Agol and colleagues Nicolas Cowan, a UW astronomy doctoral student and lead author of the poster, and David Charbonneau of the Harvard-Smithsonian Center for Astrophysics, measured infrared light from three planetary systems at eight different positions in their orbits in late 2005. They measured the thermal brightness of the systems when the planets’ day sides faced the Earth, when the night sides faced the Earth and at various phases in between. They detected no infrared brightness variations in any of the systems, suggesting there are not big differences in temperatures on the day and night sides.

Instead the planets appear to have a fairly uniform temperature of about 925 degrees Celsius, or about 1700 degrees Fahrenheit.
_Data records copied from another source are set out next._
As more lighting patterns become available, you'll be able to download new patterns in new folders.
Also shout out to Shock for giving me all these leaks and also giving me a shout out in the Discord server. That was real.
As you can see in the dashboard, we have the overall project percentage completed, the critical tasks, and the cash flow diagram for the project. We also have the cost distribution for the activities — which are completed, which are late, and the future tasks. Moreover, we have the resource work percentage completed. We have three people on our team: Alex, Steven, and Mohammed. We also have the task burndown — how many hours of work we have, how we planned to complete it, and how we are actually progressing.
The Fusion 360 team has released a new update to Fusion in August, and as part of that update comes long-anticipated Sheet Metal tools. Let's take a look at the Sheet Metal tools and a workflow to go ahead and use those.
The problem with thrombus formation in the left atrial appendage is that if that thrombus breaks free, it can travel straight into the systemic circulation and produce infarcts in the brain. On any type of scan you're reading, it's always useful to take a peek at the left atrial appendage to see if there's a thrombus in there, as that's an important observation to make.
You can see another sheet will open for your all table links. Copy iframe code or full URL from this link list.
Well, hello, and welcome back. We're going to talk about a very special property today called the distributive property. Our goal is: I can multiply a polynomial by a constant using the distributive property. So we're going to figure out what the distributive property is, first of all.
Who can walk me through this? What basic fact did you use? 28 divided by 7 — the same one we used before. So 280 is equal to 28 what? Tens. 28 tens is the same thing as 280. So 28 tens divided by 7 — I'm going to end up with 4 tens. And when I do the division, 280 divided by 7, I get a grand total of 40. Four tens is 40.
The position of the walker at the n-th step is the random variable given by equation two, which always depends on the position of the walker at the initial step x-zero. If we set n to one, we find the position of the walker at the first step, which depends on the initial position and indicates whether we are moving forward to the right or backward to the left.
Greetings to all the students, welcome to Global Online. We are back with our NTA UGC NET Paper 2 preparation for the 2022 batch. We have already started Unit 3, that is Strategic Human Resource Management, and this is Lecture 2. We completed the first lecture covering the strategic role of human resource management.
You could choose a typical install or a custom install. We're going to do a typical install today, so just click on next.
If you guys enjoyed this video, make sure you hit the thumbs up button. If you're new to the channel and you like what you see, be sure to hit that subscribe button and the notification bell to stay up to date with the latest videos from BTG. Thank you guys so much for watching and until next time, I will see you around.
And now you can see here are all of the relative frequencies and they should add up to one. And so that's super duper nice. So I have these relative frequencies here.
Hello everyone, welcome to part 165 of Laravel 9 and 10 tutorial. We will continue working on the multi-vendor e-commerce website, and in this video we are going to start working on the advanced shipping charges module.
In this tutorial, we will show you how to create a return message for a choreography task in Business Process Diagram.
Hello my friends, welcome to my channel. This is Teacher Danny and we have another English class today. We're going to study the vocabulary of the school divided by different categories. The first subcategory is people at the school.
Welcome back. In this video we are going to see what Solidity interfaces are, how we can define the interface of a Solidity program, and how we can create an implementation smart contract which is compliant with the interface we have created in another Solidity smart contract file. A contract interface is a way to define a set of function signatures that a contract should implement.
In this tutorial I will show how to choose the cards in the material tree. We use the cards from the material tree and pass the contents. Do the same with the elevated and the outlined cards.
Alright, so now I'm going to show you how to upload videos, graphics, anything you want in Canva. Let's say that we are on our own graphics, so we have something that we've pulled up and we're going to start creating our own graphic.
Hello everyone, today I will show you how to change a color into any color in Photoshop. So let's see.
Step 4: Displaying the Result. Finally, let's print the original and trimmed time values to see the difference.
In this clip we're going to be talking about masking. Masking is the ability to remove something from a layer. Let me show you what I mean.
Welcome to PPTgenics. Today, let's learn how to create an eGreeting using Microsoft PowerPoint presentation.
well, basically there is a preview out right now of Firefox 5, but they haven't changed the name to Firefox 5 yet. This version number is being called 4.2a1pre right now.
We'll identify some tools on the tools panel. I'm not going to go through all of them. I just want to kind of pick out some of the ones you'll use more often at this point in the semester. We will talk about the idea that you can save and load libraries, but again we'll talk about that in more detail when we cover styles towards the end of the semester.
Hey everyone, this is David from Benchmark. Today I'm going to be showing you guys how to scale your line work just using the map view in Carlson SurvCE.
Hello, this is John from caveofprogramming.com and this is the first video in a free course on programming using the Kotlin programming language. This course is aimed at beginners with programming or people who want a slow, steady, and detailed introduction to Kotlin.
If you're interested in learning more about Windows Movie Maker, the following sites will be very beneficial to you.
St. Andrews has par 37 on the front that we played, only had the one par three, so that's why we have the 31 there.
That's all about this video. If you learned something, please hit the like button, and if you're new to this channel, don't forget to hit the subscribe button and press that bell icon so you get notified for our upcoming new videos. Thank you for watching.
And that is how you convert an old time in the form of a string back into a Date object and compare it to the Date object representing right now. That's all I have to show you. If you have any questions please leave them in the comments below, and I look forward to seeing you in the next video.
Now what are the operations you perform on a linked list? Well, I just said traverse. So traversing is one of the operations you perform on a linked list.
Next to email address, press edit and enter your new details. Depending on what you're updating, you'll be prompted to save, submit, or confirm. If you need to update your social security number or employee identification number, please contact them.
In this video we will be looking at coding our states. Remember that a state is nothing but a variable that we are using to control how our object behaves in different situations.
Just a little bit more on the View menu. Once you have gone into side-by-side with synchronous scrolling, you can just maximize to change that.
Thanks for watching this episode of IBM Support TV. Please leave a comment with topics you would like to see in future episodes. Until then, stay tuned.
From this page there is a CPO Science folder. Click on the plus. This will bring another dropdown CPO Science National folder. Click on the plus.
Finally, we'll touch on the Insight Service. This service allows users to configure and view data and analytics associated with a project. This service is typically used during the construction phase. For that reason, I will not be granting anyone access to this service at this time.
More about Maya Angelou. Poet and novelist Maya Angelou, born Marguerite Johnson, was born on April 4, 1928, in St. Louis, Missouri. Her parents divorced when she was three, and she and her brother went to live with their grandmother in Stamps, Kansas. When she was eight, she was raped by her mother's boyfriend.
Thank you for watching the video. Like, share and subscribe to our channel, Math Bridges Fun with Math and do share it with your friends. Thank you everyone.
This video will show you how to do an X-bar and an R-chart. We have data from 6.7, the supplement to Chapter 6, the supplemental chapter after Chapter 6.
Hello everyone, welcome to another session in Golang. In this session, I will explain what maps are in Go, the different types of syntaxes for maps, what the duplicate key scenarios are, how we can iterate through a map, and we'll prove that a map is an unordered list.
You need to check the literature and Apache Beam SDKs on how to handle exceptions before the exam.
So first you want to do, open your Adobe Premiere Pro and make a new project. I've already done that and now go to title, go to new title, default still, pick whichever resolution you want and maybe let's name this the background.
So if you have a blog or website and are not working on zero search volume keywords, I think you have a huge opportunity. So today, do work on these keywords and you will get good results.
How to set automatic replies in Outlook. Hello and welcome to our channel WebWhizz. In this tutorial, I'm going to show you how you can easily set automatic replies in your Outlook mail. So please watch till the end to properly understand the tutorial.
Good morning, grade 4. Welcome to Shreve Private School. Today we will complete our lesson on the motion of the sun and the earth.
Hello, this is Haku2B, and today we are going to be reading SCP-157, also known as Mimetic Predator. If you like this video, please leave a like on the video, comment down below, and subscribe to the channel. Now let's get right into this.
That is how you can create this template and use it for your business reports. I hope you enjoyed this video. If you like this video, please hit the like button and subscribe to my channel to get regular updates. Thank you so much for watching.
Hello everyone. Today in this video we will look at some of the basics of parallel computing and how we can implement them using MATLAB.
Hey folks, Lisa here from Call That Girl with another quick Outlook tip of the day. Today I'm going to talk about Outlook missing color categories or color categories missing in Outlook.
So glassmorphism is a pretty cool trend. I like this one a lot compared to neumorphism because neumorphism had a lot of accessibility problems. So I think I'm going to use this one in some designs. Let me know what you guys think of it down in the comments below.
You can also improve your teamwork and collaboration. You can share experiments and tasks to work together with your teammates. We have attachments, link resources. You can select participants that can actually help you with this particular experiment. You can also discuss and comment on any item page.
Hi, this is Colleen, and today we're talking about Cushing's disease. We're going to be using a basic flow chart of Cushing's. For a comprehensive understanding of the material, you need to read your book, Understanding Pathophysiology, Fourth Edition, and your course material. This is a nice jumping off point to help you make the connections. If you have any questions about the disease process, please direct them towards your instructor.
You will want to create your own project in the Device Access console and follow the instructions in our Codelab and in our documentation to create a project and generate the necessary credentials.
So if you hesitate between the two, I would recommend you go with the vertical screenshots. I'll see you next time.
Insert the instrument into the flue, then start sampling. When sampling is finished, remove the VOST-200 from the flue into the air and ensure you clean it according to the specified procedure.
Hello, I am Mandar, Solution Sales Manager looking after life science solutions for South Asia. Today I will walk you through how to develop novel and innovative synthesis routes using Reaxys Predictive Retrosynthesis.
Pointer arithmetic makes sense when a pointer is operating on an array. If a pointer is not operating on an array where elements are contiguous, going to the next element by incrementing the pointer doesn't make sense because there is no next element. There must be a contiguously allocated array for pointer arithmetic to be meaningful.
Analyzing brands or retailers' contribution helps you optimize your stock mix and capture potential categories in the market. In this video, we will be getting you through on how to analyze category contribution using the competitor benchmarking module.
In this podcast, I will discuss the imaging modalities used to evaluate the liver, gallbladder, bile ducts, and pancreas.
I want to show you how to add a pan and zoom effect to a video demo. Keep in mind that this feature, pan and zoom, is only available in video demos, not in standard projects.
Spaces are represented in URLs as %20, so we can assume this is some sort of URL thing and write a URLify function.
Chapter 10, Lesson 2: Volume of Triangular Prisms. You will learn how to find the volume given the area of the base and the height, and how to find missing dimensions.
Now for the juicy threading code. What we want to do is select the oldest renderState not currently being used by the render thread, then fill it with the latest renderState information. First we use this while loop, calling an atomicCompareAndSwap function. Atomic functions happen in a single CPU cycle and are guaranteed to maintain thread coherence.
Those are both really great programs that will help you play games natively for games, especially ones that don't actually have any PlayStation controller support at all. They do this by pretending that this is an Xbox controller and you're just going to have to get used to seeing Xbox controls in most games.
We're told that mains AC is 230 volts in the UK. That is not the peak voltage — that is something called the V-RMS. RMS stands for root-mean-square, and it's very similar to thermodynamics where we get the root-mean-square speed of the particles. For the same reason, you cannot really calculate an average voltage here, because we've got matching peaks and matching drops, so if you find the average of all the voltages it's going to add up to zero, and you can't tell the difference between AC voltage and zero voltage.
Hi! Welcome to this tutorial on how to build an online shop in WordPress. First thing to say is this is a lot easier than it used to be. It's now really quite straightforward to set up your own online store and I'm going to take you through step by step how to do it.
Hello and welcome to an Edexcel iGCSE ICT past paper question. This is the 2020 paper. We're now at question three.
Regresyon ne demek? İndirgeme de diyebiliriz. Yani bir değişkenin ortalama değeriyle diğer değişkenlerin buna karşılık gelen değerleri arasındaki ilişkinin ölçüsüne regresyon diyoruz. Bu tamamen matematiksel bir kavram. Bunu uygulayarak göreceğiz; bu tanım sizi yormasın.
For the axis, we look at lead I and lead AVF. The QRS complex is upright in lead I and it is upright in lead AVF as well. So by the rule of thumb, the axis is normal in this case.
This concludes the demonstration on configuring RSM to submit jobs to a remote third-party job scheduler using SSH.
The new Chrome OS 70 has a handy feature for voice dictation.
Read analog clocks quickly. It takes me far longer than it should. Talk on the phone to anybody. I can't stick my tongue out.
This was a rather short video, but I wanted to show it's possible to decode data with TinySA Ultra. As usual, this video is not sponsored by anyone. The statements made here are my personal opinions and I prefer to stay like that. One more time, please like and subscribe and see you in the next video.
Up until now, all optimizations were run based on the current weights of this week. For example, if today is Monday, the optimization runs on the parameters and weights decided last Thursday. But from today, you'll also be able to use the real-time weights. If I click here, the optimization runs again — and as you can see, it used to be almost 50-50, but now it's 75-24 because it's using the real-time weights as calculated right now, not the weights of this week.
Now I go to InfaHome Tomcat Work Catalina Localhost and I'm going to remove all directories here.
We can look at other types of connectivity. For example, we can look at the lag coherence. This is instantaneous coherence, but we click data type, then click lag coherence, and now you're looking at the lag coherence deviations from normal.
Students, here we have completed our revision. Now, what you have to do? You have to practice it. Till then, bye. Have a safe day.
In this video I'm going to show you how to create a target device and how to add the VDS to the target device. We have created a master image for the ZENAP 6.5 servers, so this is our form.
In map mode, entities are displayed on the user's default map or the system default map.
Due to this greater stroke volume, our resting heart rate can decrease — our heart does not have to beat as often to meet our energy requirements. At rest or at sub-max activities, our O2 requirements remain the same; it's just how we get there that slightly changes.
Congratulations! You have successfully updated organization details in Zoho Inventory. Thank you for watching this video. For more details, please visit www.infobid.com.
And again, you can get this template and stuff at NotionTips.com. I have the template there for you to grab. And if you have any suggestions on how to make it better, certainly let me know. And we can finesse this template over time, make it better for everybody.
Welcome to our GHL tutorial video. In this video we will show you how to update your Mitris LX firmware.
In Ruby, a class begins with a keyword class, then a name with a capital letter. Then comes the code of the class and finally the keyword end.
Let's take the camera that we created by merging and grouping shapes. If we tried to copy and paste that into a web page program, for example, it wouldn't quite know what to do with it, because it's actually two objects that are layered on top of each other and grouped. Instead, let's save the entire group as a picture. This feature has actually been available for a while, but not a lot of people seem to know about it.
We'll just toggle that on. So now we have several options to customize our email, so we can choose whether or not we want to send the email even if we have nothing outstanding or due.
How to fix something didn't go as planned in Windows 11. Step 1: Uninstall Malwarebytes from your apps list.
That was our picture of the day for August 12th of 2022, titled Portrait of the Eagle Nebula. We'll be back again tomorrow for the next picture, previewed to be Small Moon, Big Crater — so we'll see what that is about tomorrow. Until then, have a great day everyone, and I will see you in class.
Measuring the planets’ temperatures is a painstaking process because a planet’s radiation is drowned out by the light from its parent star. Even when a planet goes behind the host star and disappears completely from view, the decline in light from the entire system is almost imperceptible, on the order of 0.25 percent, Agol said. Making the observations requires precise calibration and light measurements.

The three planets are 51 Pegasi, about 50 light years from our sun, HD179949b, about 100 light years distant, and HD209458b, about 147 light years away. A light year is about 5.88 trillion miles. In 1995, 51 Pegasi became the first planet orbiting another star to be discovered. Since then numerous planets — gas giants the mass of Jupiter or larger — have been observed from Earth. Most orbit very close to their stars. A common theory is that they formed far away from their stars, perhaps in about the same position as Jupiter is to our sun, and then migrated close to their stars. Their distance makes it difficult to gather much direct data about the planets.

To date no Earth-sized planets have been reported orbiting other stars like our sun.